Prompt> Transcribe the entries below exactly, starting with the line that has "Business Notebook Polyester" and stopping after the line that has "Rareism Women's Hadley"; no pictures belong in the copy.

Supplied data>
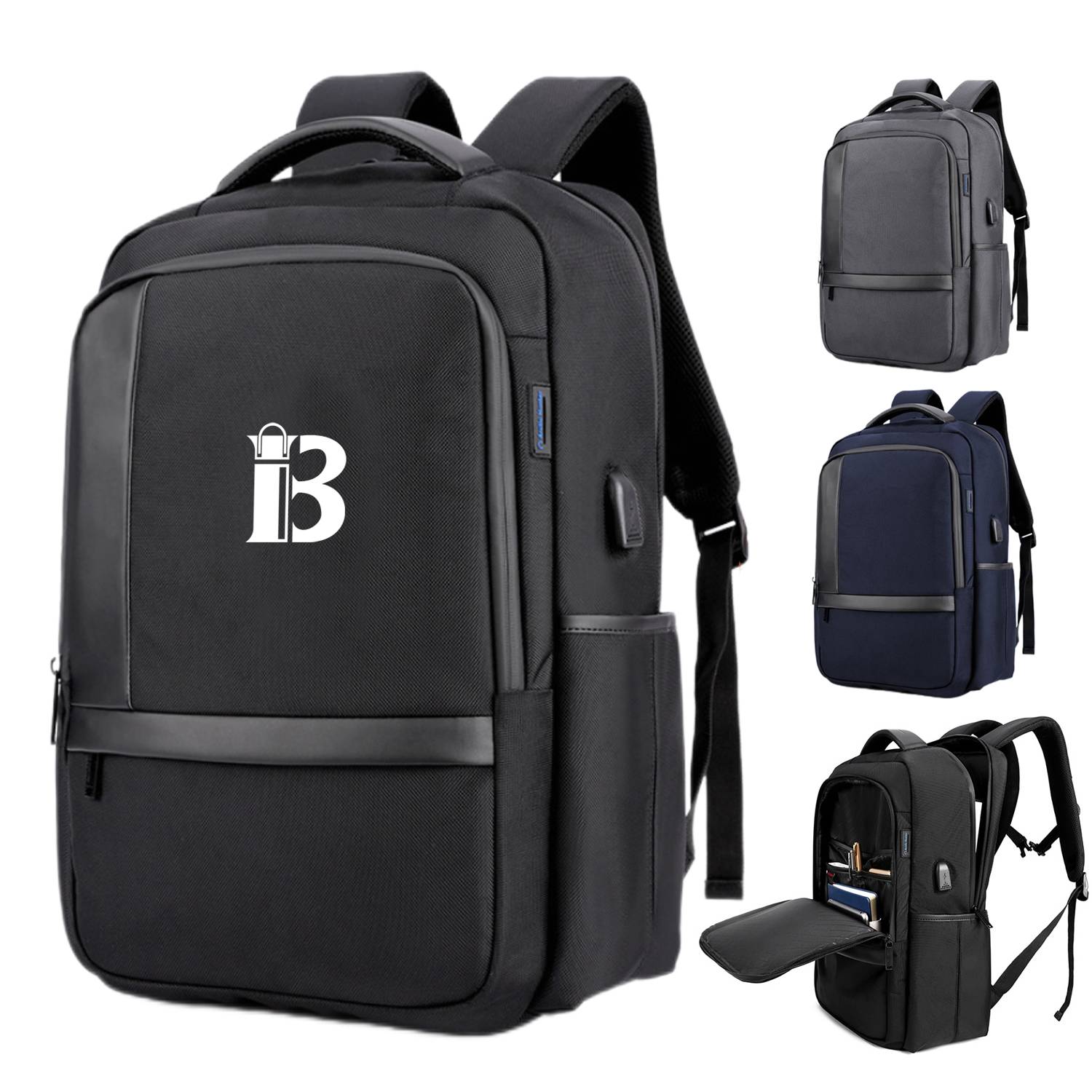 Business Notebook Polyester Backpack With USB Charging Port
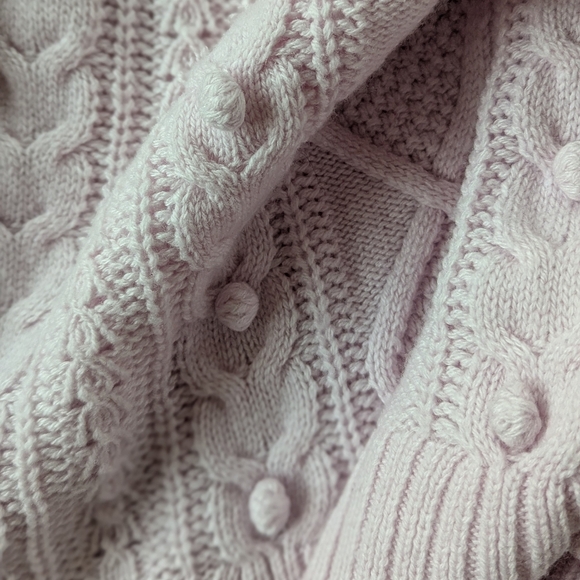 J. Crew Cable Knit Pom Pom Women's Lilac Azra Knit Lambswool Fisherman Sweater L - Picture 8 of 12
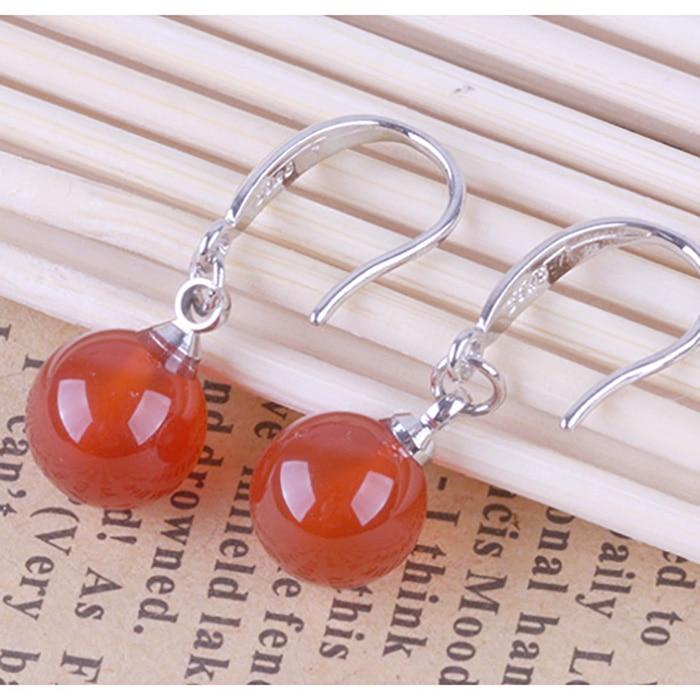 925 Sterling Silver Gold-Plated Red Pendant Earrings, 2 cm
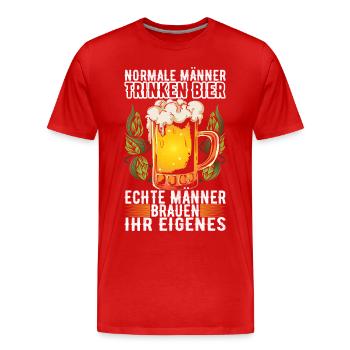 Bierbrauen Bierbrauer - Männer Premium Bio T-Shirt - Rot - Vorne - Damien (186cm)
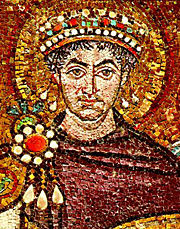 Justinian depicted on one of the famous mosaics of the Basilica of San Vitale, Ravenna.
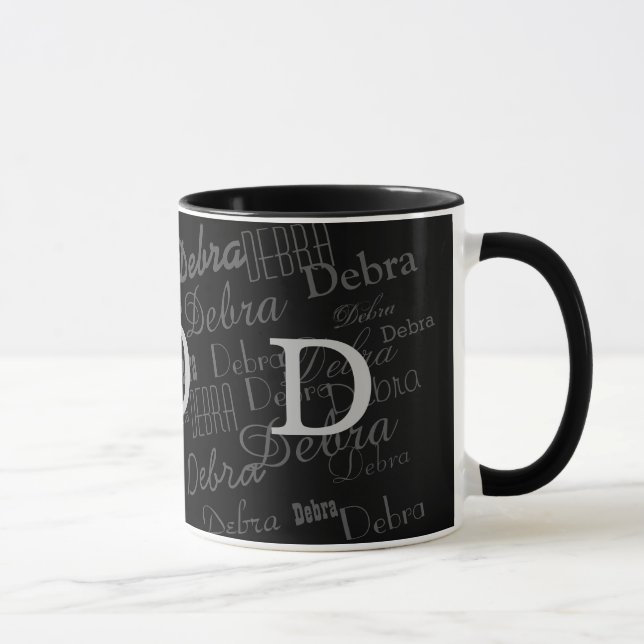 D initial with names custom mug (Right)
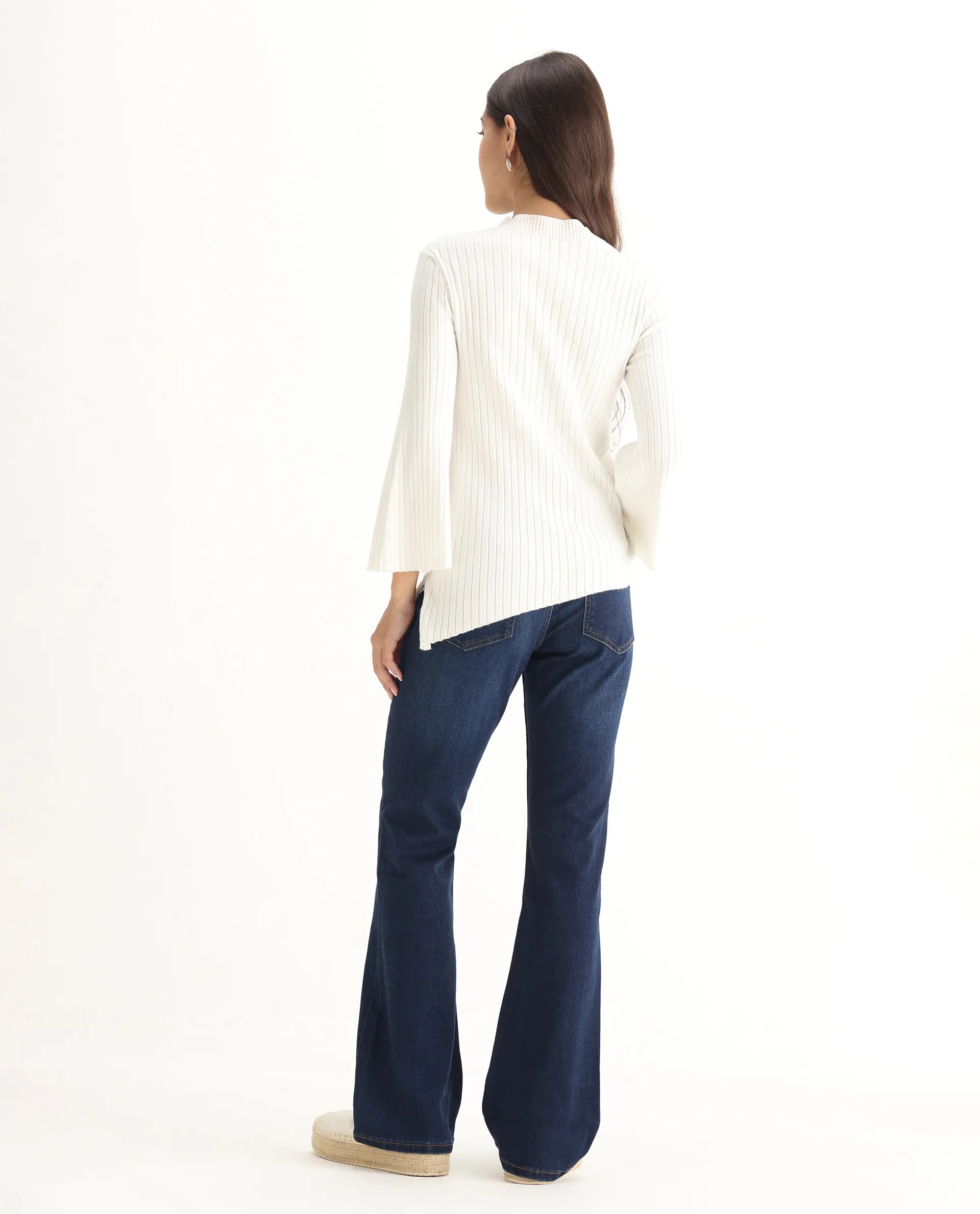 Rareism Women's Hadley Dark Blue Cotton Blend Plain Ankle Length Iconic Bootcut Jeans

--

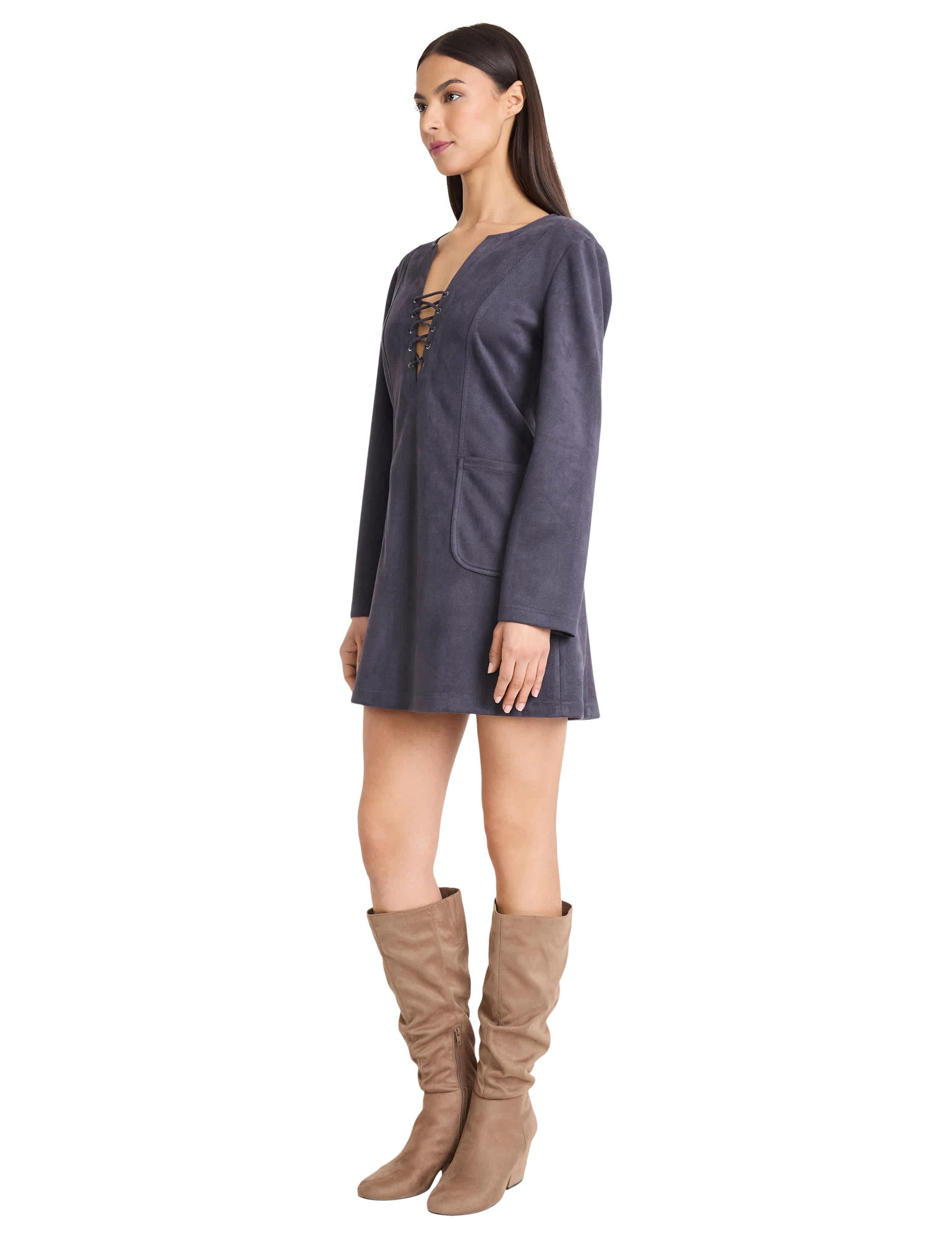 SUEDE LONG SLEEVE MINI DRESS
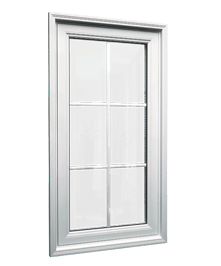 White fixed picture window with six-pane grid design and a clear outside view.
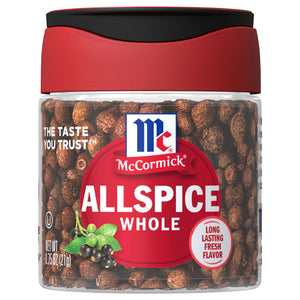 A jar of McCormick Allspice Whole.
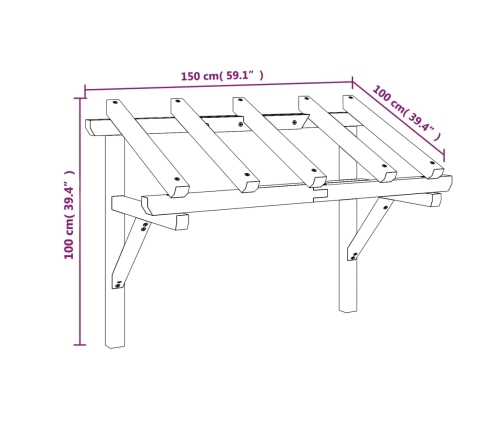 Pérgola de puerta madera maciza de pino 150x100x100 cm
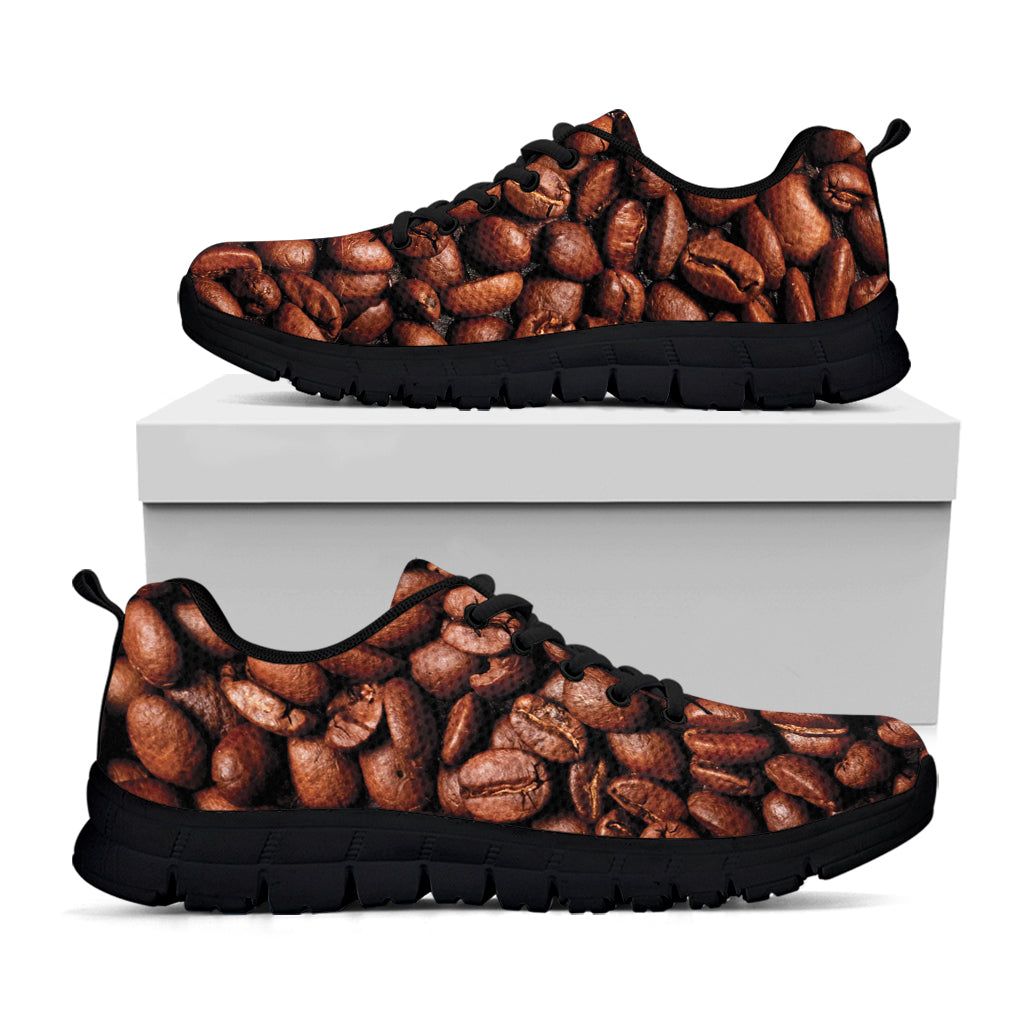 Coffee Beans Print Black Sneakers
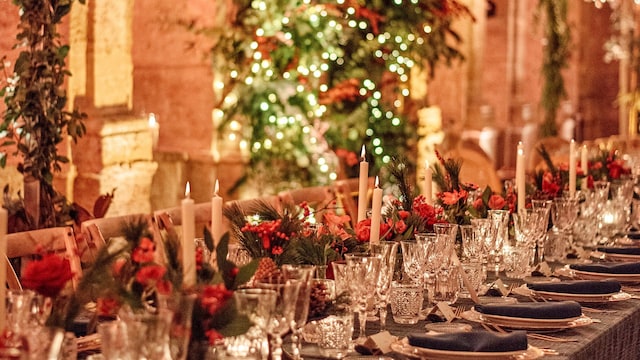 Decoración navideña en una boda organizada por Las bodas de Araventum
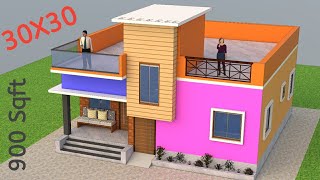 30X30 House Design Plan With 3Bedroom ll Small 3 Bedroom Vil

Task result>
 Business Notebook Polyester Backpack With USB Charging Port
 J. Crew Cable Knit Pom Pom Women's Lilac Azra Knit Lambswool Fisherman Sweater L - Picture 8 of 12
 925 Sterling Silver Gold-Plated Red Pendant Earrings, 2 cm
 Bierbrauen Bierbrauer - Männer Premium Bio T-Shirt - Rot - Vorne - Damien (186cm)
 Justinian depicted on one of the famous mosaics of the Basilica of San Vitale, Ravenna.
 D initial with names custom mug (Right)
 Rareism Women's Hadley Dark Blue Cotton Blend Plain Ankle Length Iconic Bootcut Jeans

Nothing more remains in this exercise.